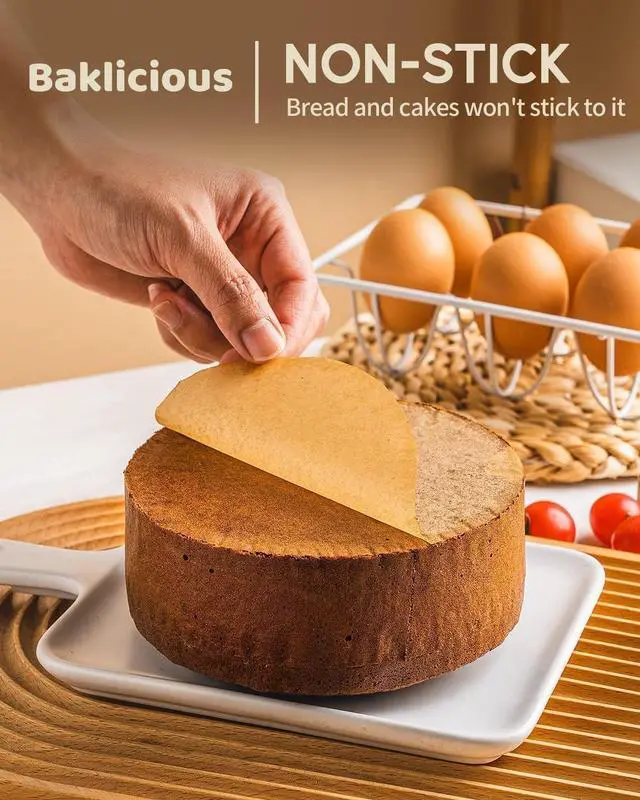 Alt view image 4 of 7 - Baklicious 8inch 250pcs Unbleached Non-Stick Parchment Paper Rounds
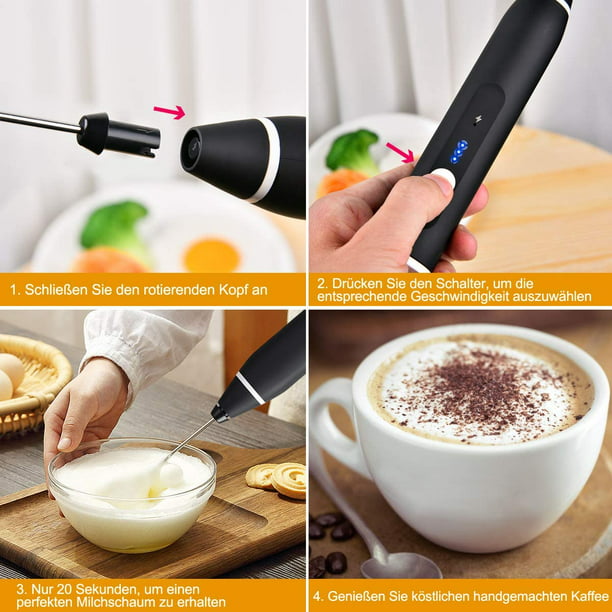 Cargador USB portátil, espumador de leche eléctrico, batidor de huevos,  batidor de bebidas, para café, leche, capuchino, batido de huevos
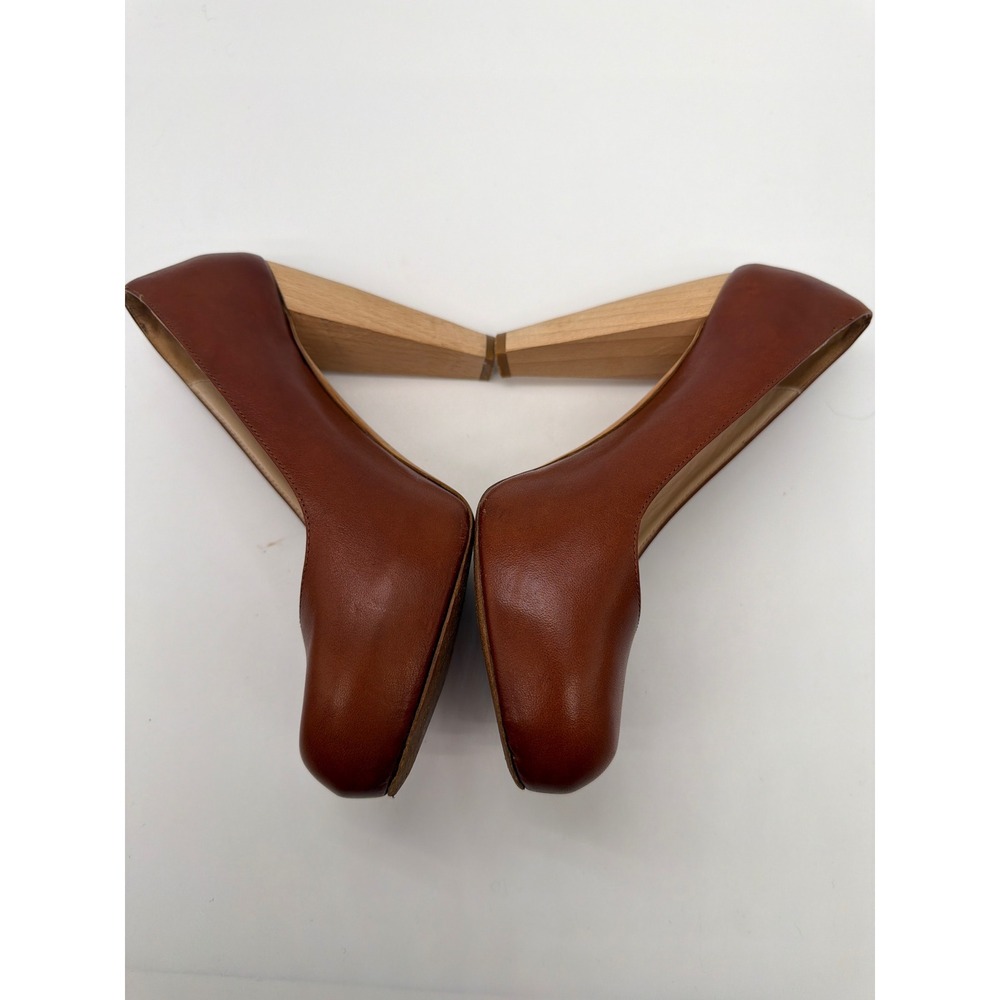 Loeffler Randall Brown Leather Wood Block Heel Platform Pumps Made in Italy 6 - Picture 6 of 7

§ Your task: The expected output is an exact copy of the lines from the top of the data above through the line containing "Cargador USB portátil, espumador", both included, with every picture omitted.

§ Result of the task:
 Alt view image 4 of 7 - Baklicious 8inch 250pcs Unbleached Non-Stick Parchment Paper Rounds
 Cargador USB portátil, espumador de leche eléctrico, batidor de huevos,  batidor de bebidas, para café, leche, capuchino, batido de huevos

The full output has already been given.